WHAT YOU NEED TO DO:
Output nothing but the lines from the first line of the listing below through the line containing "Used 2024 Nissan", printed exactly and free of pictures.

───── ENTRIES PROVIDED ─────

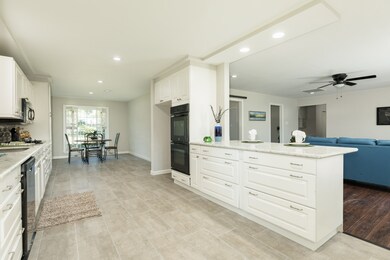 201 E Crestmont Dr, Alvin, TX 77511 - photo 5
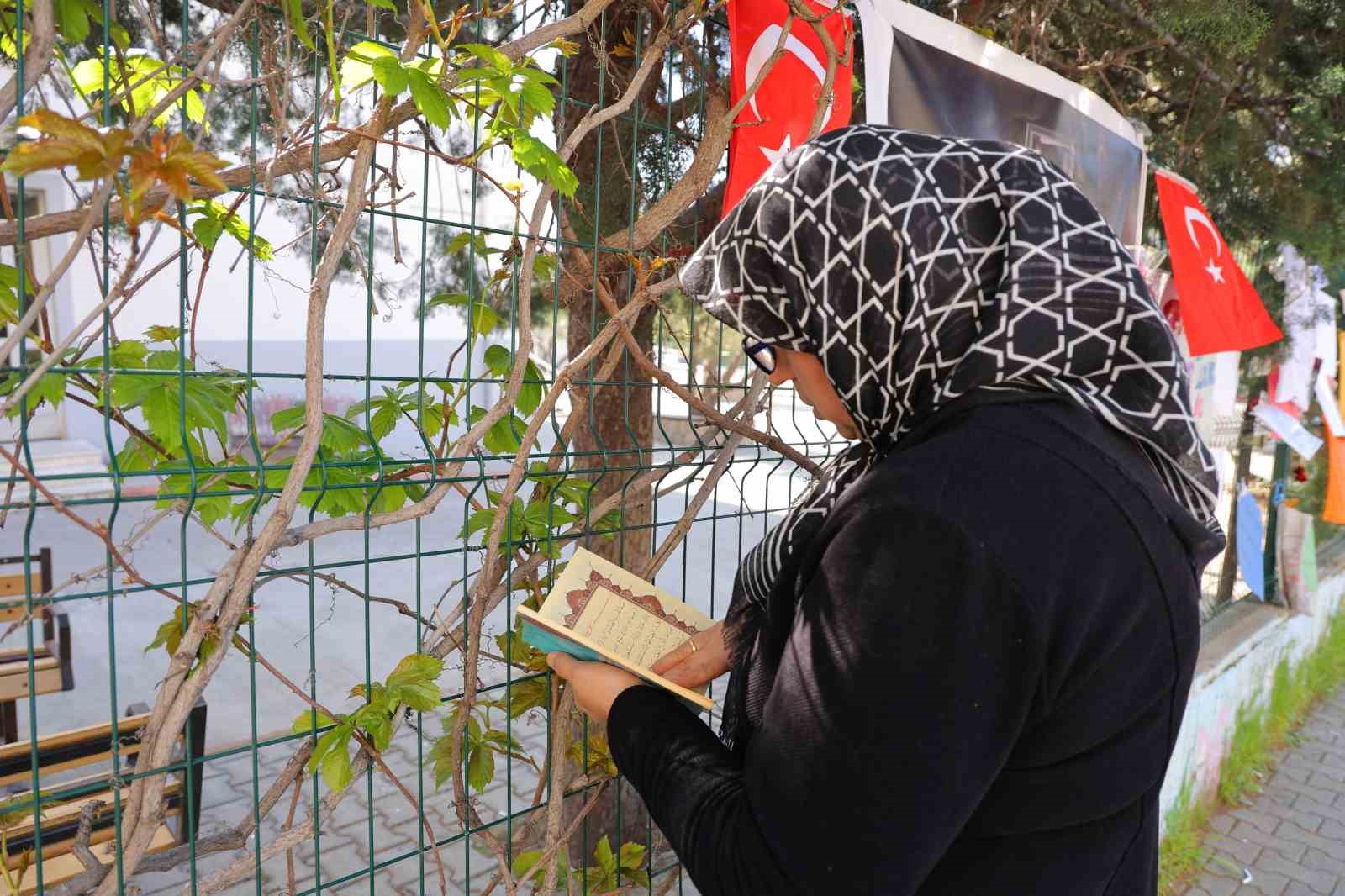 saldirinin yasandigi okul onunde kuran i kerim okuyup gozyasi doktu 1 W56sRKjf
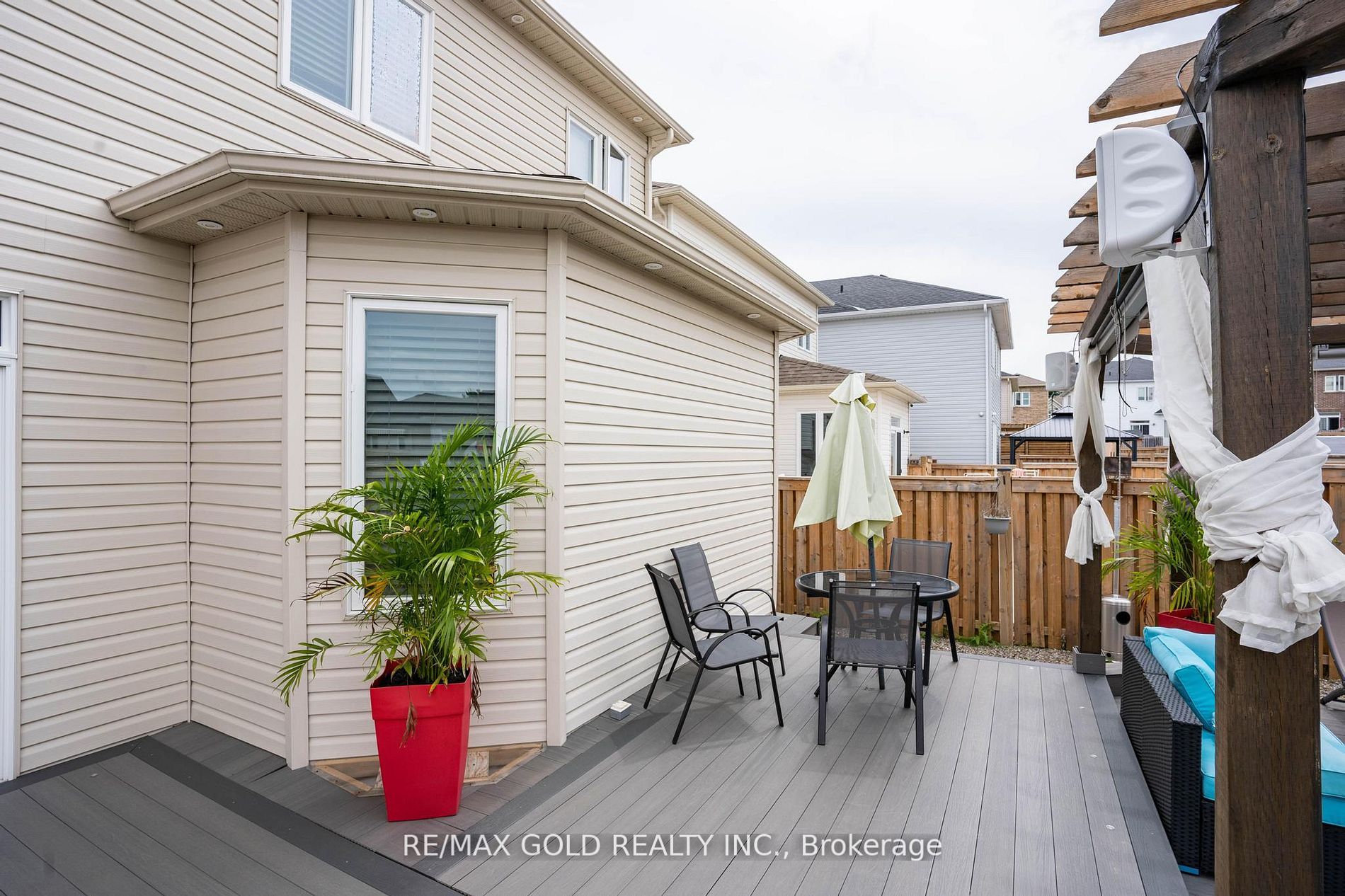 528 Brett Street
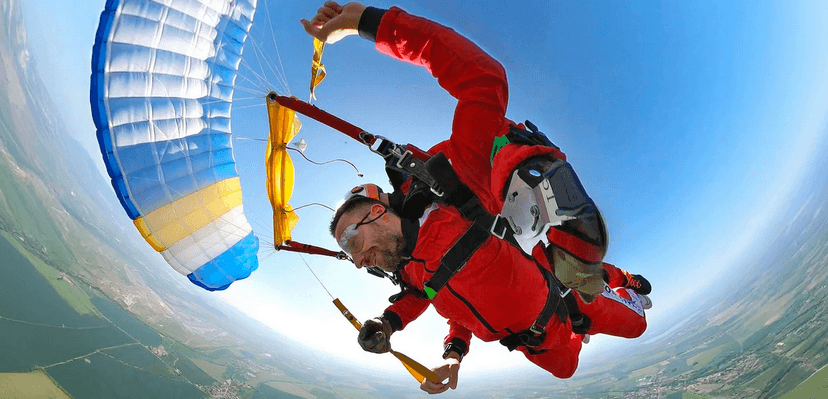 Tandemový seskok z 3000 m pro 1 osobu (bez záznamu)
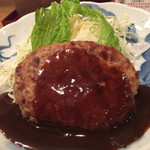 普通の食堂いわま - 110gのハンバーグは、デカイ！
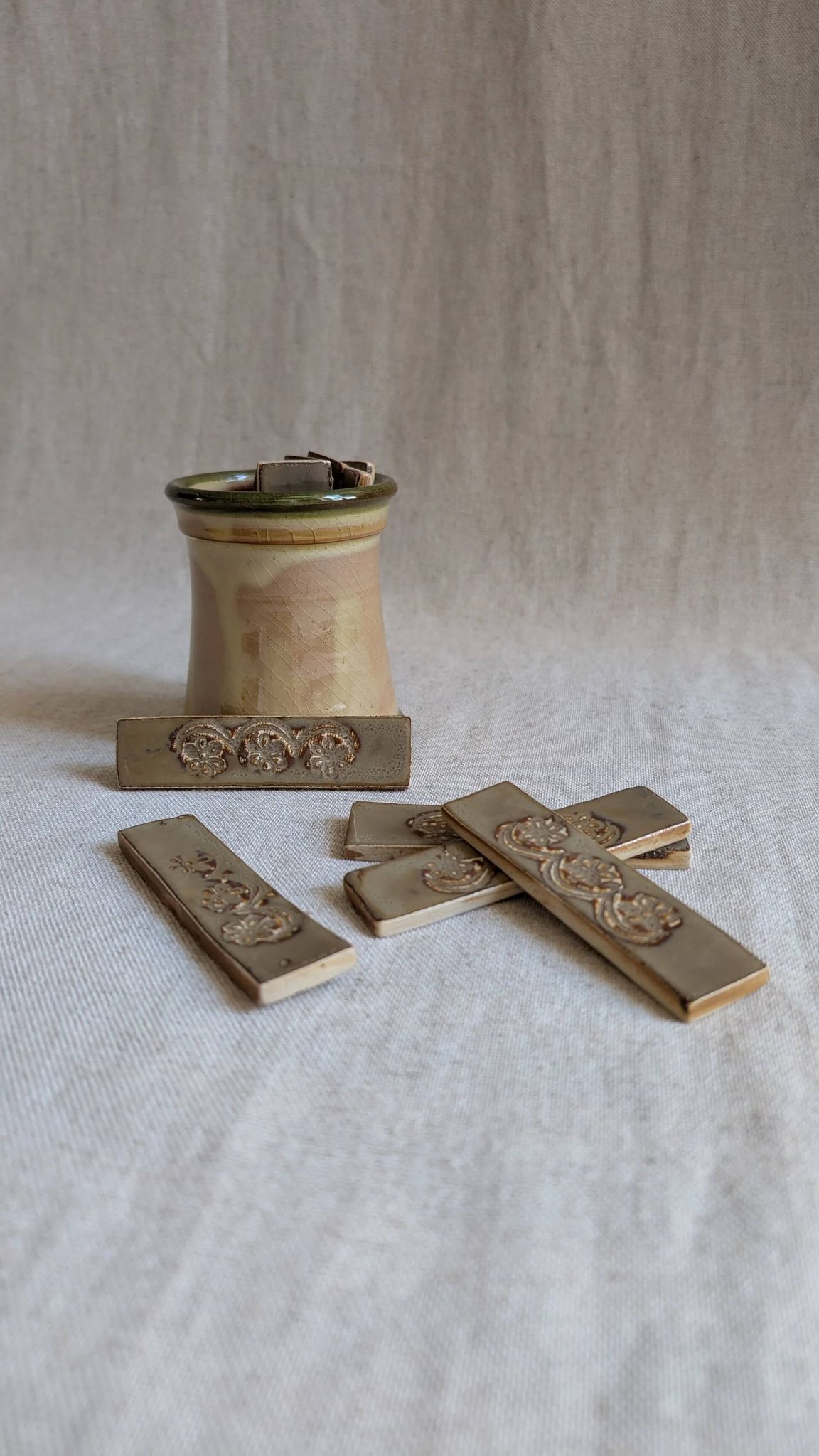 Set of 13 knife rests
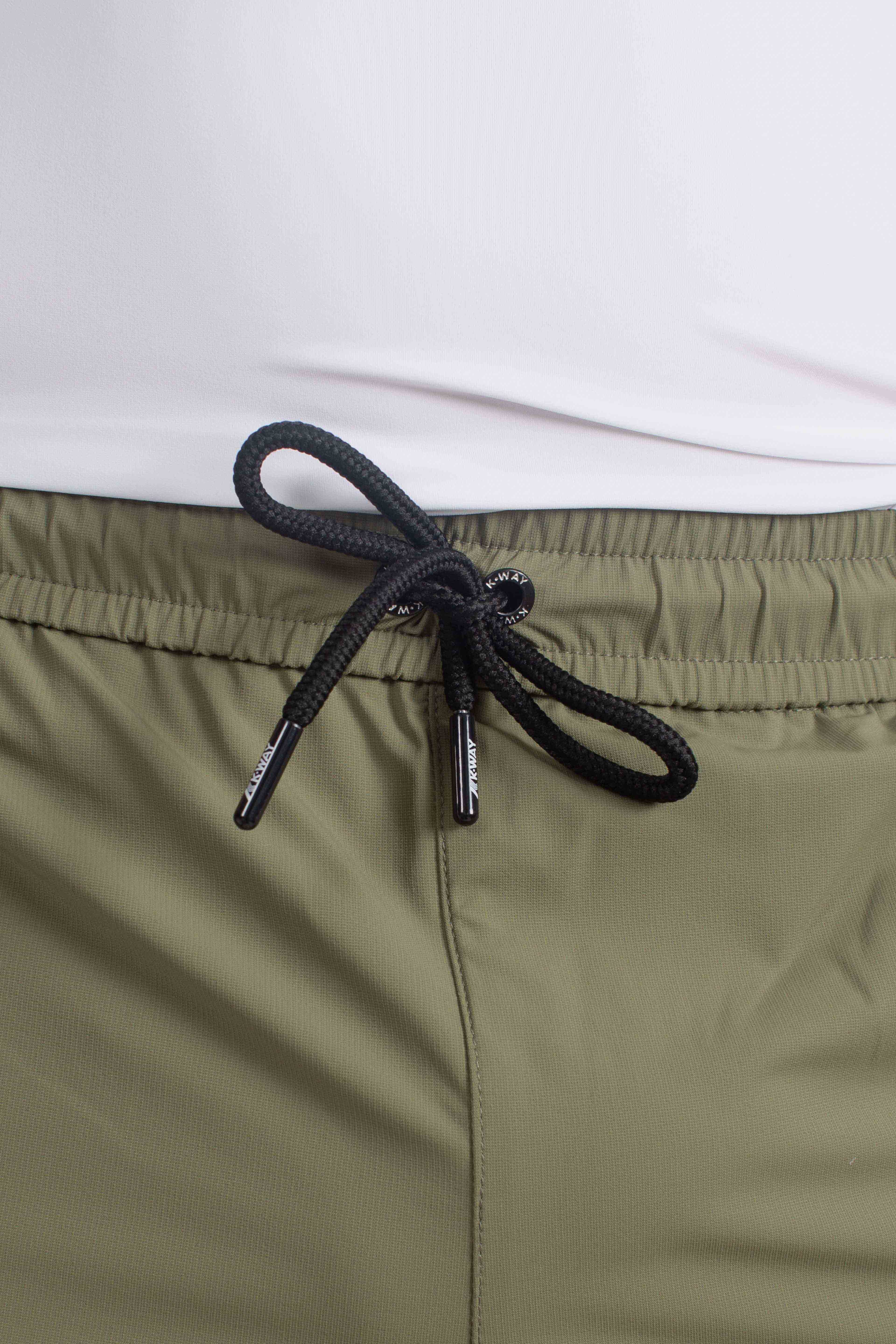 Pantaloncino tecnico Nesilier travel green lichen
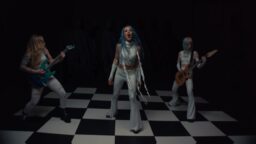 Arch Enemystä lähteneen Alissa White-Gluzin uusi bändi julkaisi ensimmäisen singlen videoineen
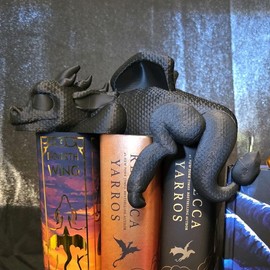 Sleeping Bookshelf Dragon - Adorable Shelf Decoration - 3D Printed Design for Books and More animal figurine Lightweight - home decor - gift - Color: Black, Size: Medium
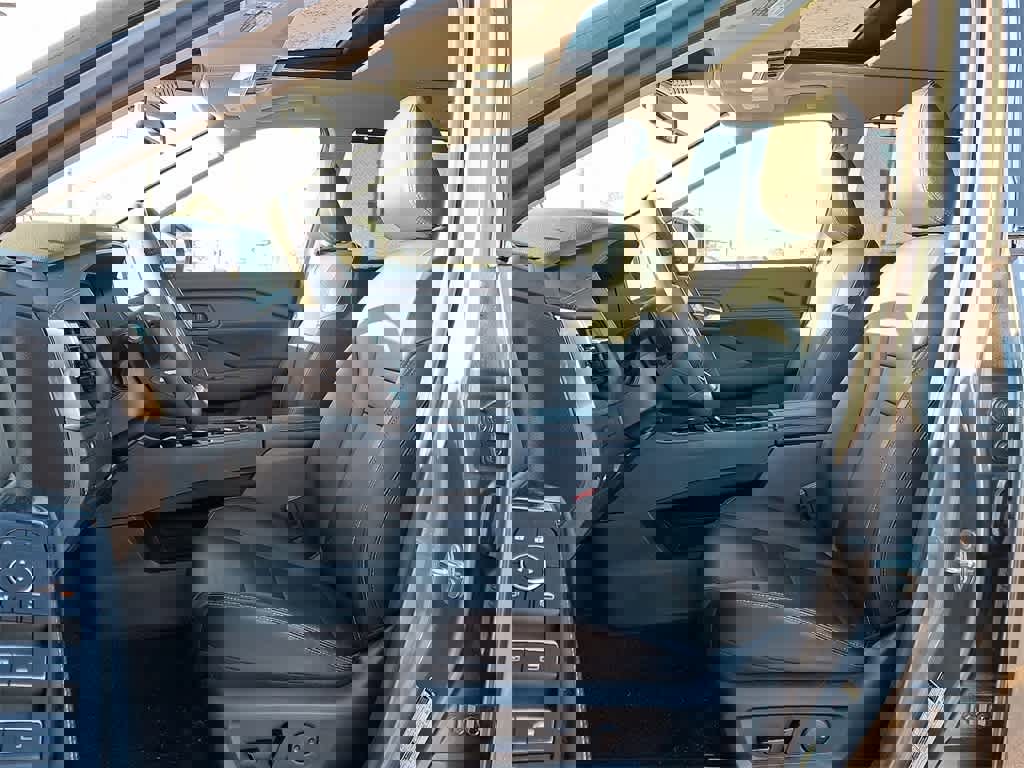 Used 2024 Nissan Rogue SL w/ SL Premium Package image 12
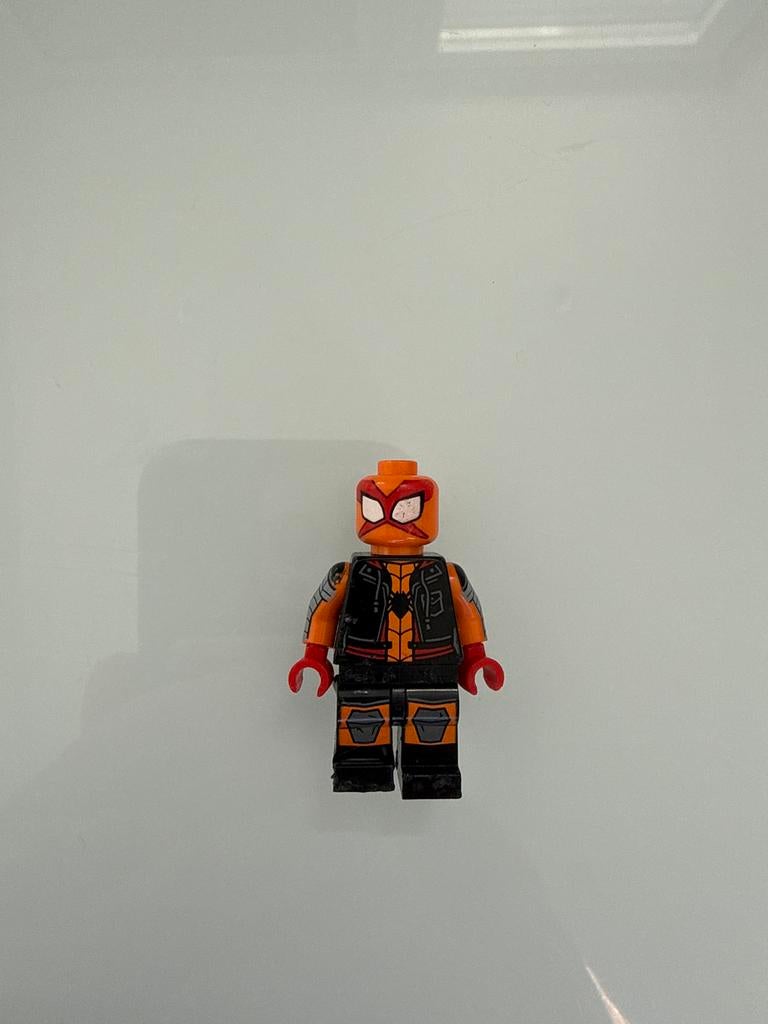 Gevonden: LEGO poppetje bij Shell Breukelen A2 Oost, Ophalen of Verzenden, Gebruikt, Jongen of Meisje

─────

TASK OUTPUT:
 201 E Crestmont Dr, Alvin, TX 77511 - photo 5
 saldirinin yasandigi okul onunde kuran i kerim okuyup gozyasi doktu 1 W56sRKjf
 528 Brett Street
 Tandemový seskok z 3000 m pro 1 osobu (bez záznamu)
 普通の食堂いわま - 110gのハンバーグは、デカイ！
 Set of 13 knife rests
 Pantaloncino tecnico Nesilier travel green lichen
 Arch Enemystä lähteneen Alissa White-Gluzin uusi bändi julkaisi ensimmäisen singlen videoineen
 Sleeping Bookshelf Dragon - Adorable Shelf Decoration - 3D Printed Design for Books and More animal figurine Lightweight - home decor - gift - Color: Black, Size: Medium
 Used 2024 Nissan Rogue SL w/ SL Premium Package image 12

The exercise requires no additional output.